**PROBLEM STATEMENT**
Whenever "Interaksi" appears in a line, please copy that line from the data.

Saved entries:
==============================

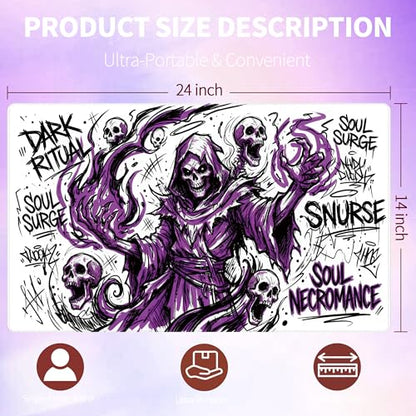 MTG Playmat with Storage Tube & 7-Dice Set - Waterproof TCG Playmat with Stitched Edges, Non-Slip Rubber Card Game Mat (24"x14") (playmat with Zones, Street Art Necromancer) - color: Street Art Necromancer, style: playmat with zones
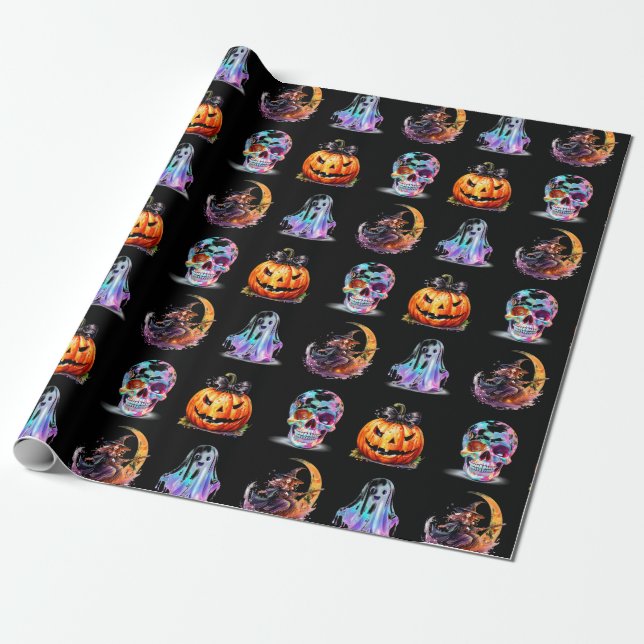 Friendly Icons Grid Halloween Black Fun Holiday  Wrapping Paper (Unrolled)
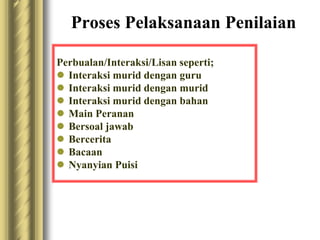 Proses Pelaksanaan Penilaian 
Perbualan/Interaksi/Lisan seperti; 
 Interaksi murid dengan guru 
 Interaksi murid dengan murid 
 Interaksi murid dengan bahan 
 Main Peranan 
 Bersoal jawab 
 Bercerita 
 Bacaan 
 Nyanyian Puisi 
 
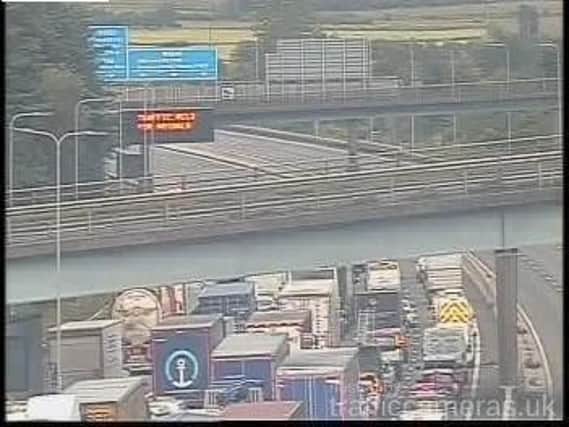 The M62 westbound is shut between J19 and J18 after a cow escaped from a nearby farm and has made its way onto the motorway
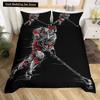 Хоккей Спорт King Queen Пододеяльник Burning Hockey Ball Комплект постельного белья для подростков Спортсмен Черный 2/3 шт. Полиэстер Пододеяльник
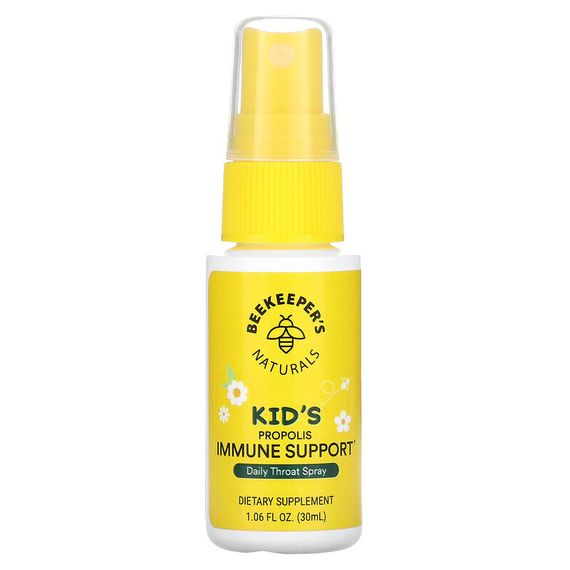Beekeeper&#39;s Naturals, Дети, поддержка иммунитета с прополисом, ежедневный спрей для горла, 30 мл (1,06 жидк. Унции)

==============================

**WRITTEN RESPONSE**
Perbualan/Interaksi/Lisan seperti; 
 Interaksi murid dengan guru 
 Interaksi murid dengan murid 
 Interaksi murid dengan bahan 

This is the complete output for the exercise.